WORK TO BE COMPLETED: Could the listing below be returned exactly, with its pictures left out?

INFORMATION SUPPLIED:
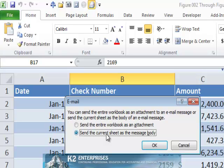Selecting the option labeled Send the current sheet as the message body, and then clicking OK causes the current worksheet to be entered as the body of an outbound email message. At this point, you need to only enter the recipient's address and send the message.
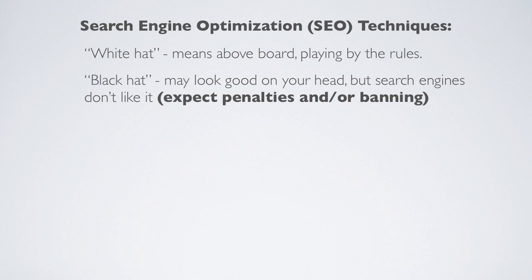Now, we're not going to get into specifics of all the different black hat techniques or all the different white hat techniques in this video. But when it comes to black hat, just think of things, it's anything that you're doing to artificially manipulate search results pages.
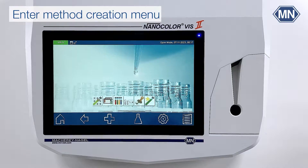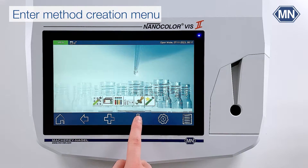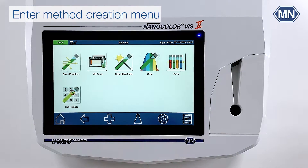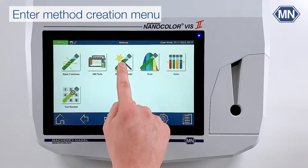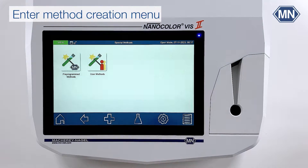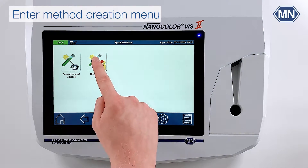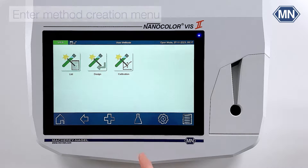To enter the method creation menu, press the Erlenmeyer flask icon in the bottom taskbar. Then click on special methods and enter the user methods.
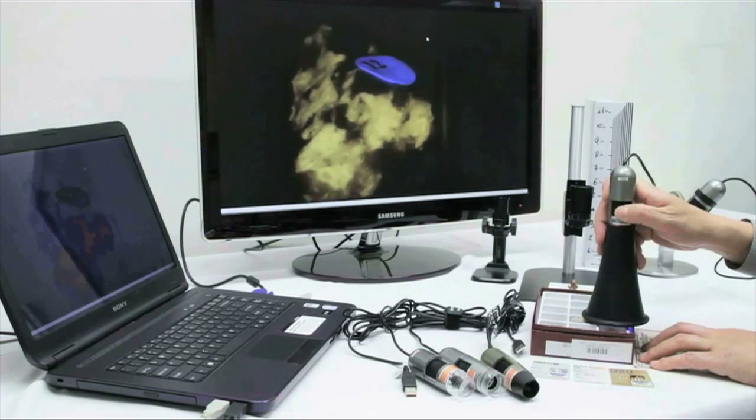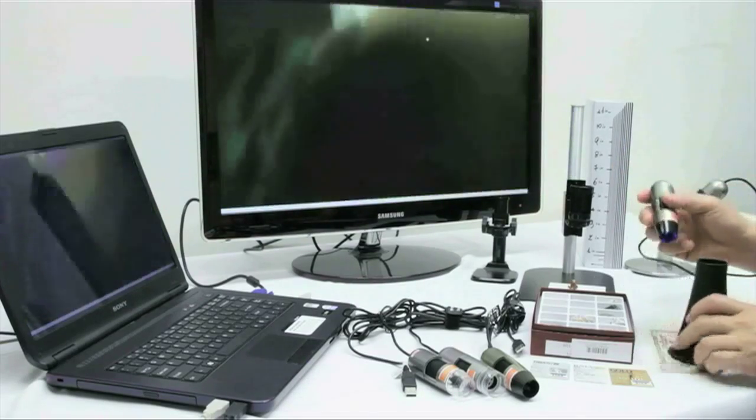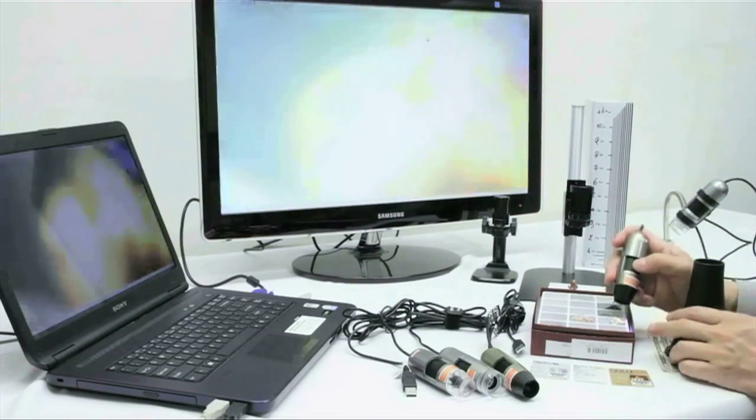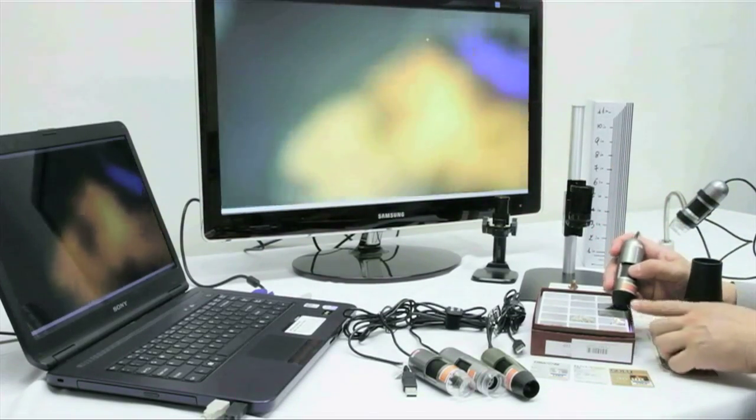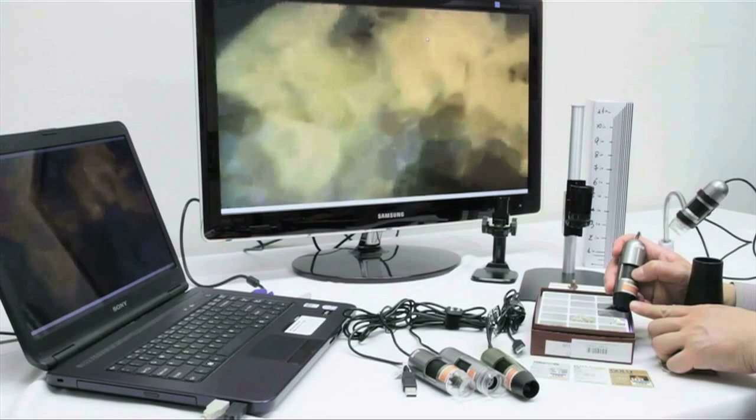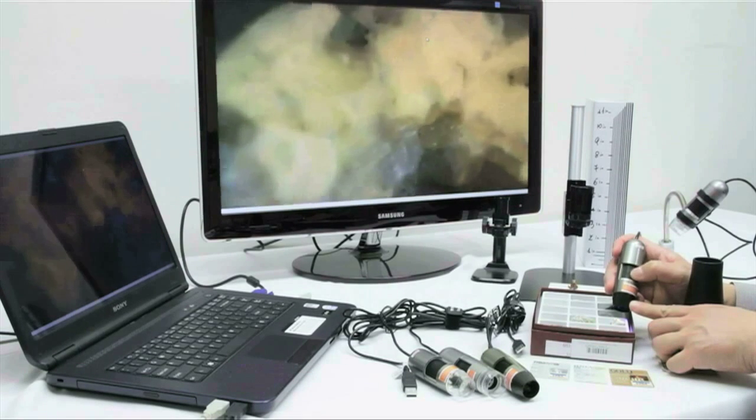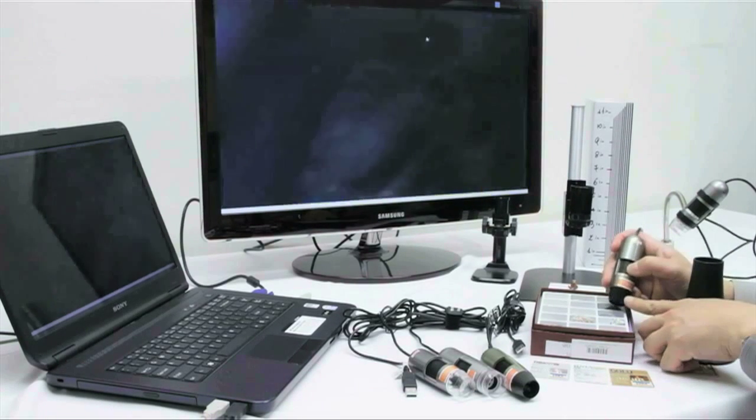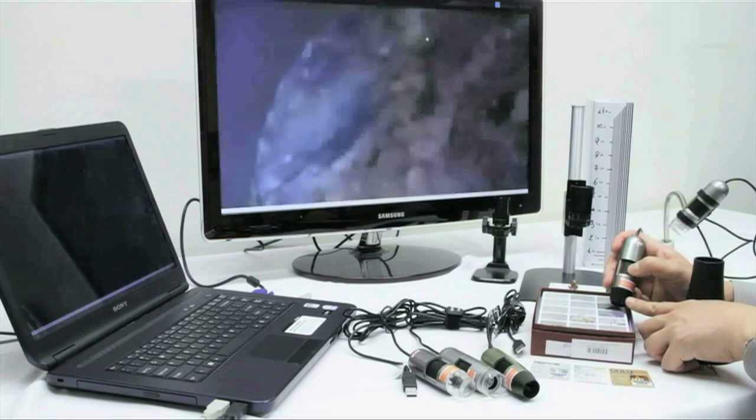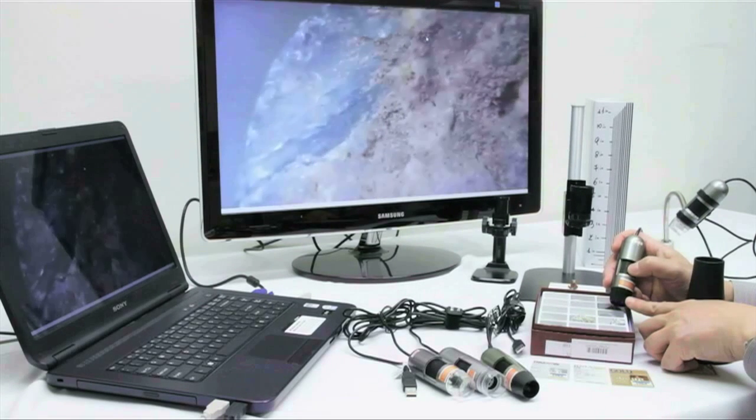Some of the rocks will fluoresce, and some of them will not. So that is what you are seeing here. We are going to hover over some rocks, and some of them will fluoresce and give you a nice picture, and then some of them will not that are missing the fluorescent minerals or contaminants.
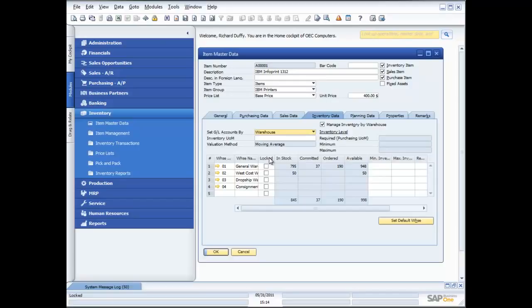Once I've got those different warehouses, I can do inventory transfers between them. What some organisations even do is use the inventory warehouse functionality for tracking service vans on the road. Each delivery van has its own warehouse number, so at any point in time you can go to that van and run a stock take, see the value of the stock in it. And using all the inventory transactions I'm going to show you, you can transfer stock between all those locations and track all the underlying accounting transactions created by those inventory movements.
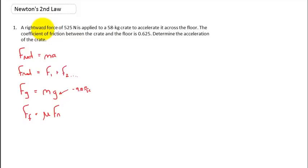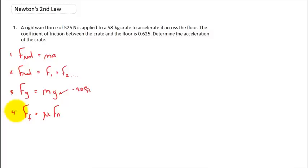We have a Newton's Second Law problem, which says if I have an unbalanced force, I'm going to produce an acceleration. If the net force equals zero, then my object is not accelerating — meaning it's either at rest or moving at constant velocity. The first thing we do is read the problem. There are four equations we'll be using today, numbered one through four. This first one is F-net equals mass times acceleration.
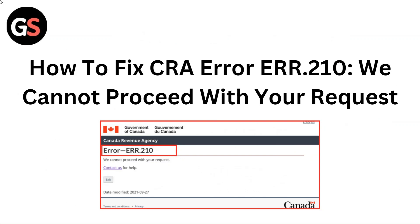Hello everyone. In this video, we are going to tell you about how to fix CRA error ERR.210 — we cannot proceed with your request.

SOLUTION TO THIS PROBLEM:
Selecting the option labeled Send the current sheet as the message body, and then clicking OK causes the current worksheet to be entered as the body of an outbound email message. At this point, you need to only enter the recipient's address and send the message.
Now, we're not going to get into specifics of all the different black hat techniques or all the different white hat techniques in this video. But when it comes to black hat, just think of things, it's anything that you're doing to artificially manipulate search results pages.
To enter the method creation menu, press the Erlenmeyer flask icon in the bottom taskbar. Then click on special methods and enter the user methods.
Some of the rocks will fluoresce, and some of them will not. So that is what you are seeing here. We are going to hover over some rocks, and some of them will fluoresce and give you a nice picture, and then some of them will not that are missing the fluorescent minerals or contaminants.
Once I've got those different warehouses, I can do inventory transfers between them. What some organisations even do is use the inventory warehouse functionality for tracking service vans on the road. Each delivery van has its own warehouse number, so at any point in time you can go to that van and run a stock take, see the value of the stock in it. And using all the inventory transactions I'm going to show you, you can transfer stock between all those locations and track all the underlying accounting transactions created by those inventory movements.
We have a Newton's Second Law problem, which says if I have an unbalanced force, I'm going to produce an acceleration. If the net force equals zero, then my object is not accelerating — meaning it's either at rest or moving at constant velocity. The first thing we do is read the problem. There are four equations we'll be using today, numbered one through four. This first one is F-net equals mass times acceleration.
Hello everyone. In this video, we are going to tell you about how to fix CRA error ERR.210 — we cannot proceed with your request.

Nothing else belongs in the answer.